Unter den staunenden aber neugierigen Blicken der Detmolder Bürger zogen die Pastafari im vollen Piratenornat durch die Altstadt und demonstrierten "wider den Unglauben" an die einzig wissenschaftliche Gottheit sowie gegen die weit verbreitete Pastafarianophobie in der Gesellschaft.
Beim Piratenornat handelt es sich um eine archaische Form der pastafarianischen Kleidung, die im Evangelium des Fliegenden Spaghettimonsters vorgeschrieben ist, um dem Klimawandel entgegen zu wirken. Denn, so die stringente Argumentation des Evangeliums, da in Zeiten, als es auf der Welt mehr Piraten gab, auch noch kein Klimawandel existierte, müsse es wieder mehr Piraten geben, um den Klimawandel aufzuhalten. Das oft in medialen Darstellungen von Pastafari vorherrschende Nudelsieb als Kopfbedeckung ist eine jüngere Form des Pastafari-Ornats und wird nicht von allen Spaghettimonster-Gemeinden auf der Welt akzeptiert.
Die Prozession endete auf dem Marktplatz von Detmold mit einer Nudelmesse, die Pastafari und schaulustige Detmolder gleichermaßen fesselte. Und sie zeigte in einem wirkmächtigen Bild, dass die KdFSMD ihre Pläne zur Eroberung der Politik ernst meint: Für die Nudelmesse wurde die Fassade des Detmolder Rathauses geentert. Dass auch die Bemühungen, politische Parteien pastafarianisch zu infiltrieren, bereits erste Früchte tragen, zeigte die Tatsache, dass eine Abordnung der Partei DIE PARTEI an der Nudelmesse teilnahm.

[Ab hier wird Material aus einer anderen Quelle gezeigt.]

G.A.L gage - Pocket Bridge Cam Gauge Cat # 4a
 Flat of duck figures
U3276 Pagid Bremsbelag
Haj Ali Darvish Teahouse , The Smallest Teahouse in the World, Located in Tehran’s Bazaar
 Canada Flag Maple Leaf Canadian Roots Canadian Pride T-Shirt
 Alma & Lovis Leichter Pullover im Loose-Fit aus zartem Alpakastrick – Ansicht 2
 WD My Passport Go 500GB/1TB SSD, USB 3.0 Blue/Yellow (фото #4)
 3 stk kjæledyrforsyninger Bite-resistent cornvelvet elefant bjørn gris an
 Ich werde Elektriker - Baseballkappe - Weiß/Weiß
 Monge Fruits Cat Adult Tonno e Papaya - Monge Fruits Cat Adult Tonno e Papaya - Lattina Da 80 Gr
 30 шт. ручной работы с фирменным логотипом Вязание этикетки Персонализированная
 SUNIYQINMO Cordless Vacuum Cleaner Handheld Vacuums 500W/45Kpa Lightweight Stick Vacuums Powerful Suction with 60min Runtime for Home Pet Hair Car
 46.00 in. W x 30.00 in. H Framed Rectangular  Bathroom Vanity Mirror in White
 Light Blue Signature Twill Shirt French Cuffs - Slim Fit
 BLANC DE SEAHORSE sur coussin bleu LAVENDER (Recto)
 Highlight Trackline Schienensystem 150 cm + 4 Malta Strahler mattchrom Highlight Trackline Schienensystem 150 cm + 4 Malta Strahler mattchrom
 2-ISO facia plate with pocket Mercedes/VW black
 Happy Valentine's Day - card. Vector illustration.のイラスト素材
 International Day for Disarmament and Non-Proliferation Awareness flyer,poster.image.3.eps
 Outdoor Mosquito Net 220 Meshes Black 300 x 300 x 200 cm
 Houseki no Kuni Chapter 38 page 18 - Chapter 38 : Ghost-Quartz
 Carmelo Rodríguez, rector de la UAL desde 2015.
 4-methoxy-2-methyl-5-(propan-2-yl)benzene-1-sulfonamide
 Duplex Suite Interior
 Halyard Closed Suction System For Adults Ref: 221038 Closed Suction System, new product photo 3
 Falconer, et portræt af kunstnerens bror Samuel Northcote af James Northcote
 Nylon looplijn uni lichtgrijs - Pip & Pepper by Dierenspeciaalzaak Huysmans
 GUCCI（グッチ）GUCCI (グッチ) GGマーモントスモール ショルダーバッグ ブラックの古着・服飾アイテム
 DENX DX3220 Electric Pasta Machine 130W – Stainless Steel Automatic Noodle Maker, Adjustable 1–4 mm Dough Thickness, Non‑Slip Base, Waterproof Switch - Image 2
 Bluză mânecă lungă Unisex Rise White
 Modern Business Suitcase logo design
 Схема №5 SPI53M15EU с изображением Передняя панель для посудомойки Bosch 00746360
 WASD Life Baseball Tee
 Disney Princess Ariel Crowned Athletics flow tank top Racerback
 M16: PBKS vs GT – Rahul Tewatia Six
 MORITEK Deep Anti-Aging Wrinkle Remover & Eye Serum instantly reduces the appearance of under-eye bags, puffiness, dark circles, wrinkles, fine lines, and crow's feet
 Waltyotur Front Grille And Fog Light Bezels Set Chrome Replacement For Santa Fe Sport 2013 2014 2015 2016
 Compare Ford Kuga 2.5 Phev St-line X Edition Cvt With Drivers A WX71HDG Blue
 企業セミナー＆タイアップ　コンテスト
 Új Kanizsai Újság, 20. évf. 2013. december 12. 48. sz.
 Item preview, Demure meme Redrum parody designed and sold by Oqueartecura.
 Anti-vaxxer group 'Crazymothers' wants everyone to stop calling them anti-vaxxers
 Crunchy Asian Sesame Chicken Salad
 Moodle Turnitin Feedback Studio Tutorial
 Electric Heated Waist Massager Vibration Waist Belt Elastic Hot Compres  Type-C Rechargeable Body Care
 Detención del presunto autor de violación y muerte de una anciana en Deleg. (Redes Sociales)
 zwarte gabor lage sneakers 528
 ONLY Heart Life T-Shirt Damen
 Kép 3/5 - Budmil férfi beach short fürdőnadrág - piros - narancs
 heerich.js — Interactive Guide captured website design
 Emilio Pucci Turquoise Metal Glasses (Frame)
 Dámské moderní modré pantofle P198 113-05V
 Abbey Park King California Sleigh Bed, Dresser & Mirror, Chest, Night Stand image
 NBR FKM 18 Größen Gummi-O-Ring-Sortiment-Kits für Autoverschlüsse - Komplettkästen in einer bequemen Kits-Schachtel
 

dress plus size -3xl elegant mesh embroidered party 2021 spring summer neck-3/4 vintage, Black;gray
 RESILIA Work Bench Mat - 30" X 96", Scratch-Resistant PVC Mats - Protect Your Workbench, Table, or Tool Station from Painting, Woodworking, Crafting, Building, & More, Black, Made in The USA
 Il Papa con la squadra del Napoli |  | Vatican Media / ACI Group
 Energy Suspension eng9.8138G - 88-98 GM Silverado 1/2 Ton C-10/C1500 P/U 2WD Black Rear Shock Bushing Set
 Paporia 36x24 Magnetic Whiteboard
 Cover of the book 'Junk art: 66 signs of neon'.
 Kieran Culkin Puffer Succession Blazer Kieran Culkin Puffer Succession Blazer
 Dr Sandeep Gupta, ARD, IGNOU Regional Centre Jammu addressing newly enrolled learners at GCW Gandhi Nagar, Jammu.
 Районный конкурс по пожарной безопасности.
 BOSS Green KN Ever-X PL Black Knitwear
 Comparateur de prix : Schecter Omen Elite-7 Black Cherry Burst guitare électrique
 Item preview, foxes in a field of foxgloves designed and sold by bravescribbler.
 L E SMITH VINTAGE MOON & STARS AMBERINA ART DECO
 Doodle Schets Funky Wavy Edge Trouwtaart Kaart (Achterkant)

Zwar lege die KdFSMD Wert darauf, als Kirche parteipolitisch neutral zu sein, sagte Bruder Spaghettus, jedoch könne und wolle man nicht verhindern, dass gläubige Pastafari dem Bedürfnis folgten, zu ihrer jeweiligen politischen Heimat zu stehen und gleichzeitig mit Freude ihren Glauben zu leben. Für die Zukunft wünscht er sich, dass auch Mitglieder anderer Parteien den Mut haben werden, ihren Glauben an das Fliegende Spaghettimonster öffentlich zu bekennen.